Y de la Abuelilis, que se nos apaga poco a poco. Má y Pá están en Madrid, porque la operan hoy jueves a las 10 de una rotura de cadera.
La Abuela tiene más años de los que puedo contar con las manos de nueve de sus infinitos nietos, y se ha ido apagando poco a poco. Estuvimos con ella hace poco, enseñándole a Pau en otra de nuestras visitas “cada poco” a Madrid. Cuando se lo pusimos a tiro sonrió y le tocó la nariz. Y estuvimos tirándonos almohadones, haciéndonos muecas.
Y confieso que la achuché como nunca, abusón, abusón, porque creí que iba a ser la última vez que iba a verla. No puedo dejar de acordarme de cómo me llamaba Rafecas y me decía que me pintaría en un cuadro con un caso de vikingo. La echo de menos poniendo su voz aguda y abriendo mucho los ojos cada vez que llegábamos a Sigüenza, o hablando en catalán
“El ritme tornant,
la sardana és la dansa més bella
de totes les danses que es fan i es desfan”

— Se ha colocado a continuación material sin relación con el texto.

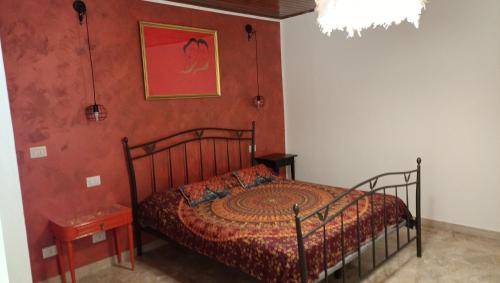a bedroom with a bed and a red wall at La casa sul tetto, Room's & Glamping in Recanati
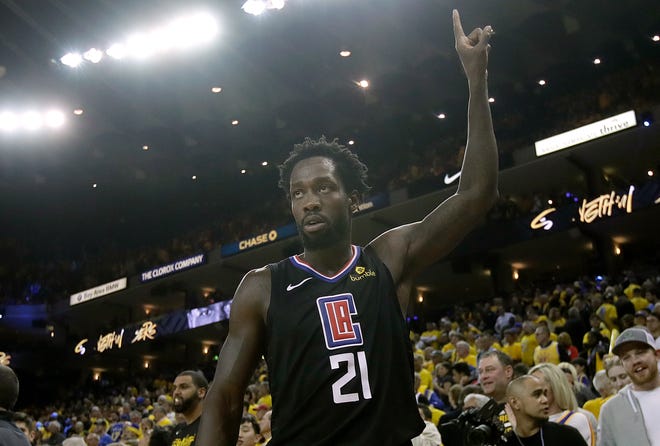 Los Angeles Clippers guard Patrick Beverley celebrates during the second half of Game 2 of a first-round NBA basketball playoff series against the Golden State Warriors in Oakland, Calif., Monday, April 15, 2019.
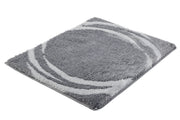 Badteppich MYSTIC Anthrazit 55 x 65 cm liegt flach mit rundem Muster auf weißem Hintergrund.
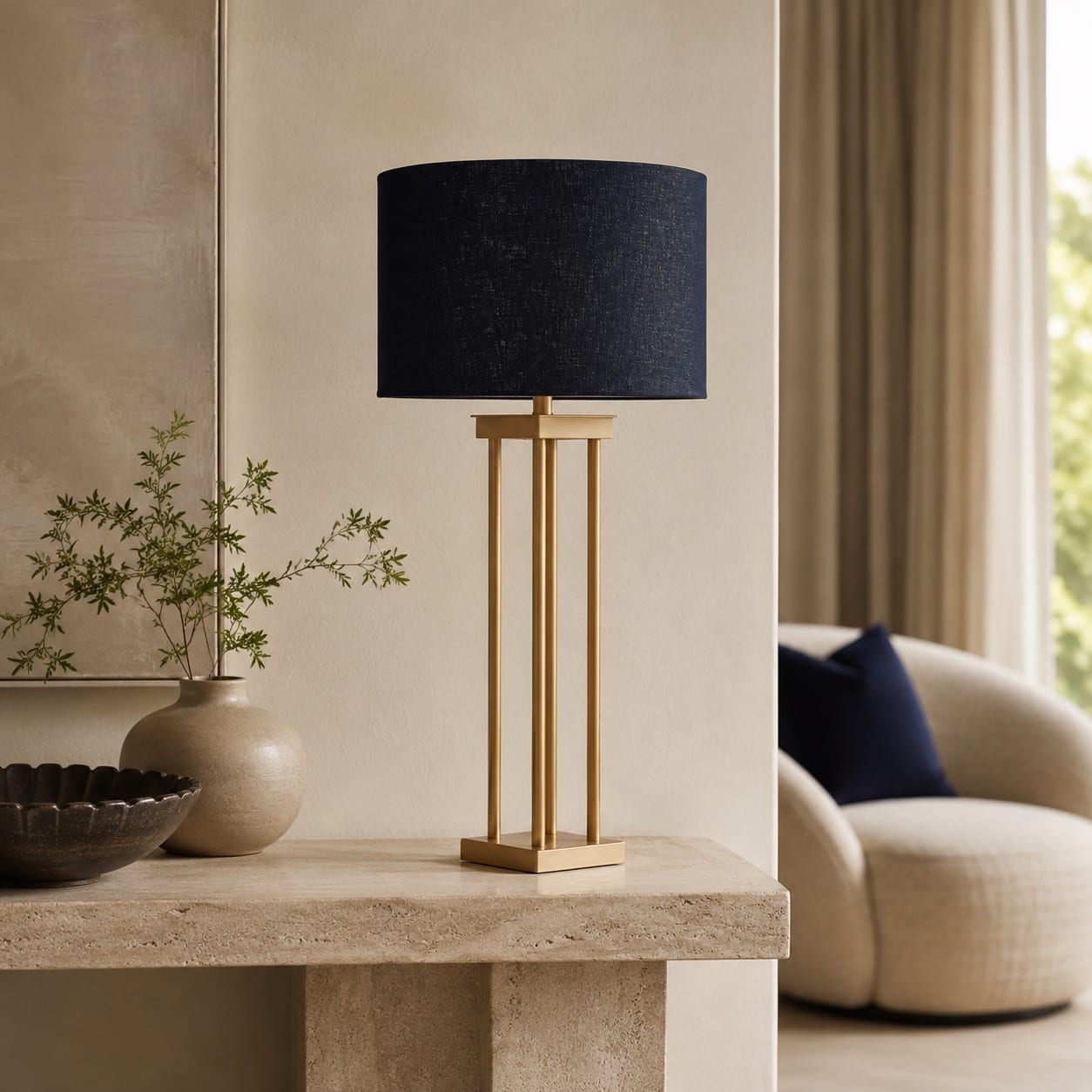 Custom slim brass-frame table lamp with a dark navy cylindrical fabric shade
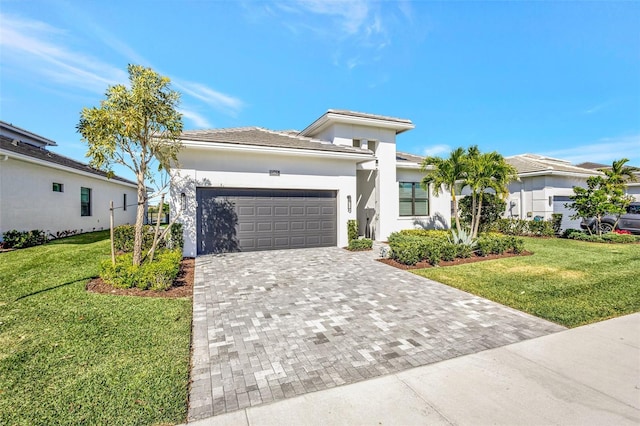 15865 Key Biscayne Ln, Loxahatchee, FL 33470 - view of front facade with an attached garage, a front yard, decorative driveway, and stucco siding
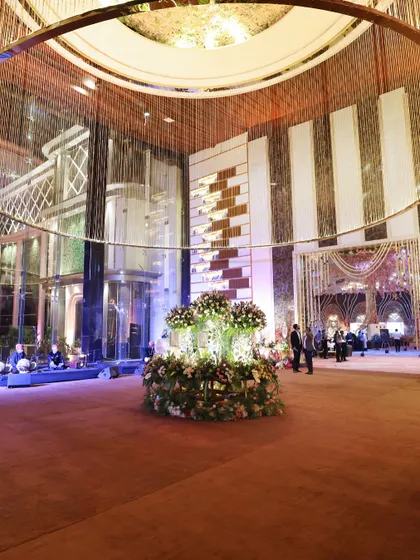 The grand entrance to one of the prestigious events we catered. The magnificent floral arrangements and towering glass elevators set a tone of luxury that we carried through into every aspect of our hospitality.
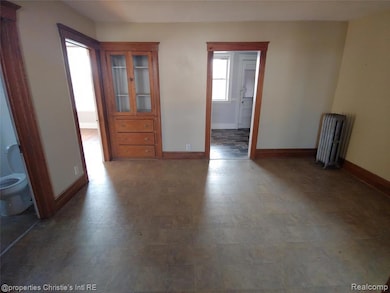 Empty room with baseboards and radiator heating unit
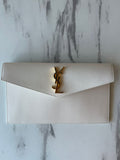 UPTOWN POUCH IN GRAIN DE POUDRE LEATHER
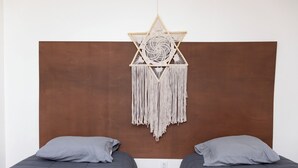 A room with two beds, a brown headboard, and a macramé wall hanging. - Casa Rebeca3 Complete, ideal for large groups, work teams, vacations, etc. (Chihuahua)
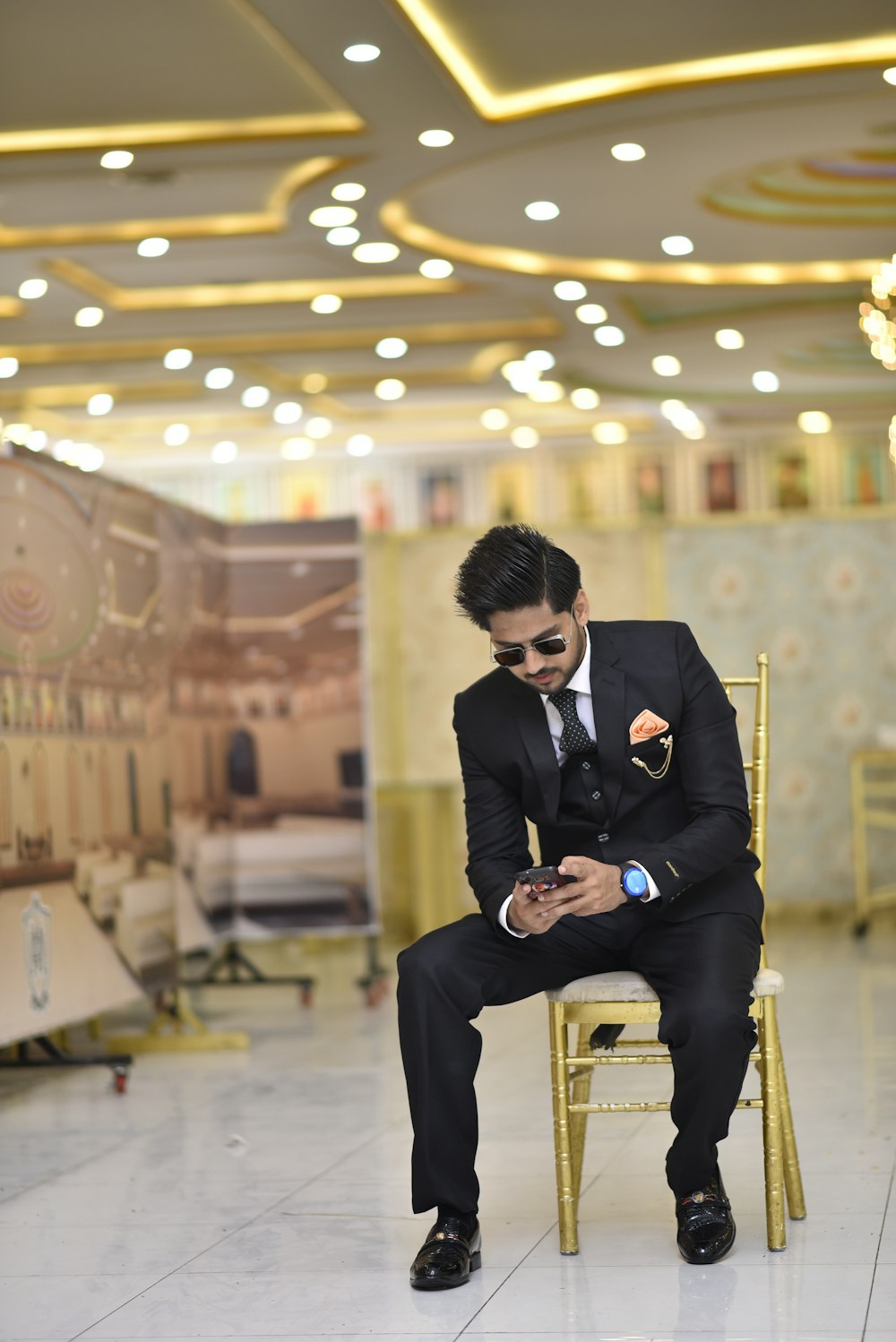 a man in a suit sitting on a chair looking at his cell phone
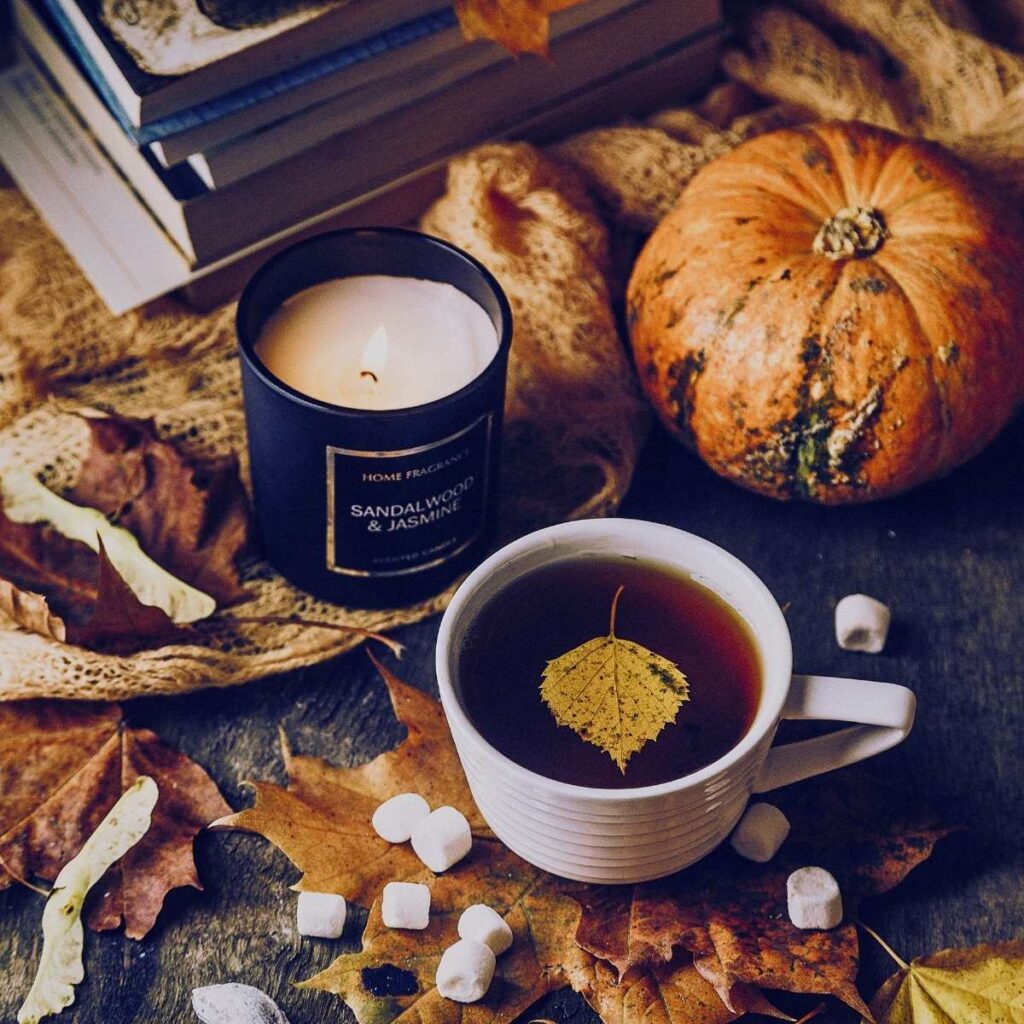 A cup of tea with a leaf in it. Behind is a candle and some gourds. 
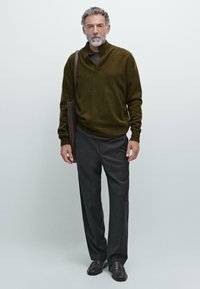 Man met een grijze baard, gekleed in een olijfgroene sweater, donkere broek, zwarte schoenen en met een bruine schoudertas, staande tegen een egale achtergrond.
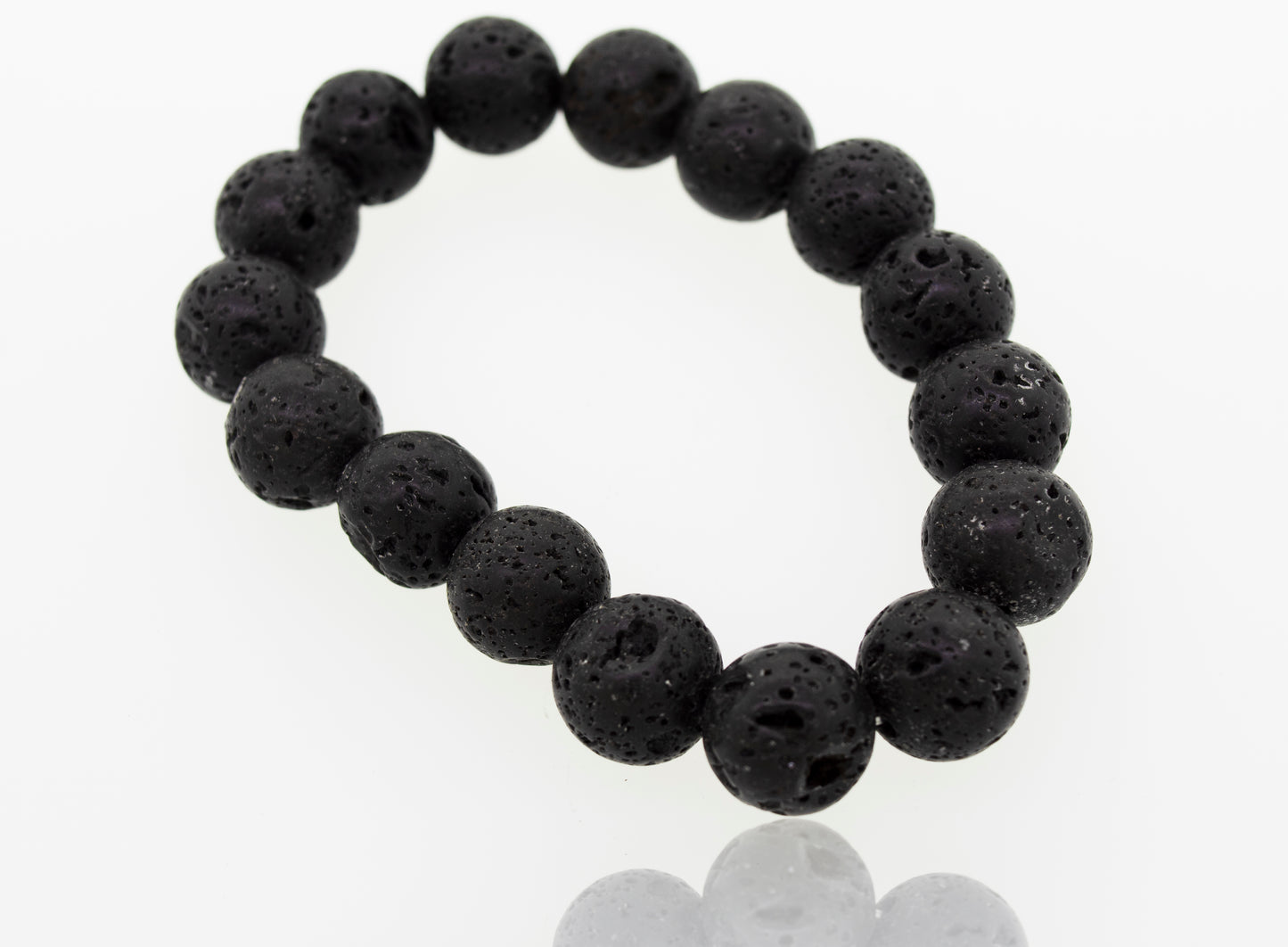 
                  
                    A Super Silver Essential Oil Bracelet with Lava Rock Beads, a grounding stone, on a white surface.
                  
                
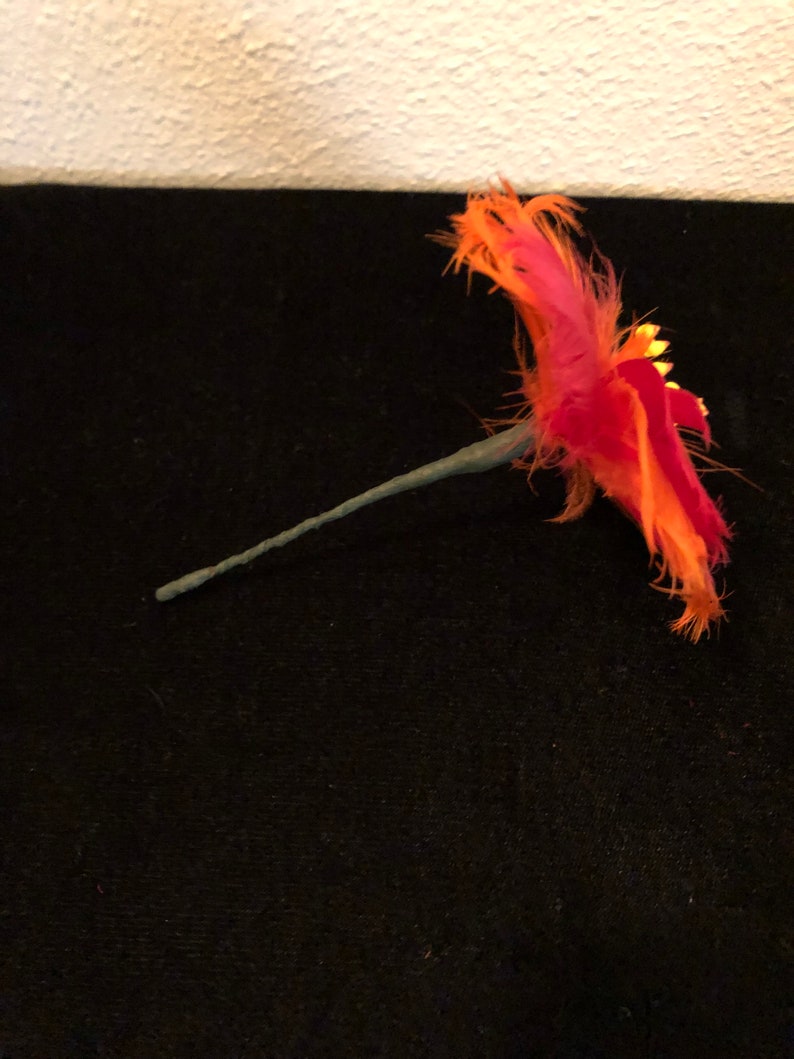 May include: A single orange and pink feather flower with a green wire stem. The flower is made of feathers and has a gold glitter accent.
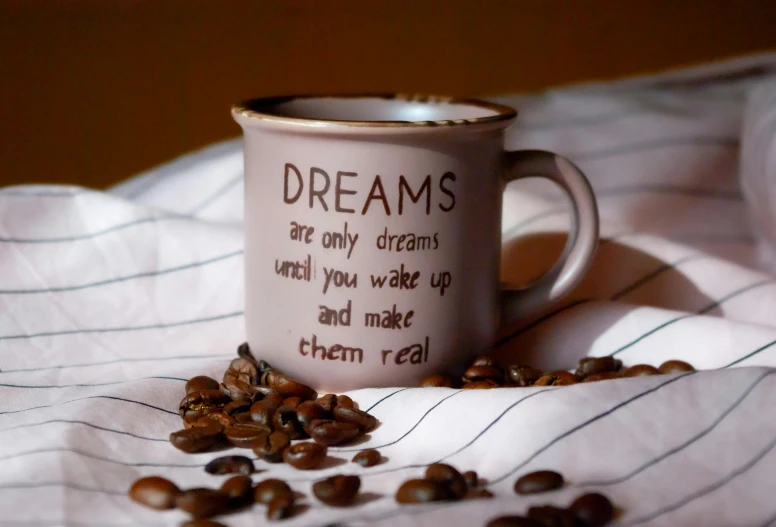 a white cup on a bed with coffee beans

y tarareando, tarareando, con sus mandiles de flores… Millones (millones!!!!) de recuerdos que me gusta repasar una y otra vez mientras está en Madrid en una cama, dolorida pero espero que tranquila.
Y me acuerdo mucho mucho mucho de Má, allí dándole vueltas al coco, rodeada de hermanos y hermanas, con Pá callado sin quitarle el ojo de encima, guardándola. Recuerda que ahora es cuando tienes que creer más que nunca que “Dios es bueno”, madre. Me pasaré la mañana pensando en tí, sé fuerte. Me esfuerzo por pensar que ella está bien, que se apaga y es lo que toca, que esté plácida y se duerma, que sepa que estáis ahí, y se duerma tranquila.
No sé por qué, pero llevo unos días mirando arriba, arriba.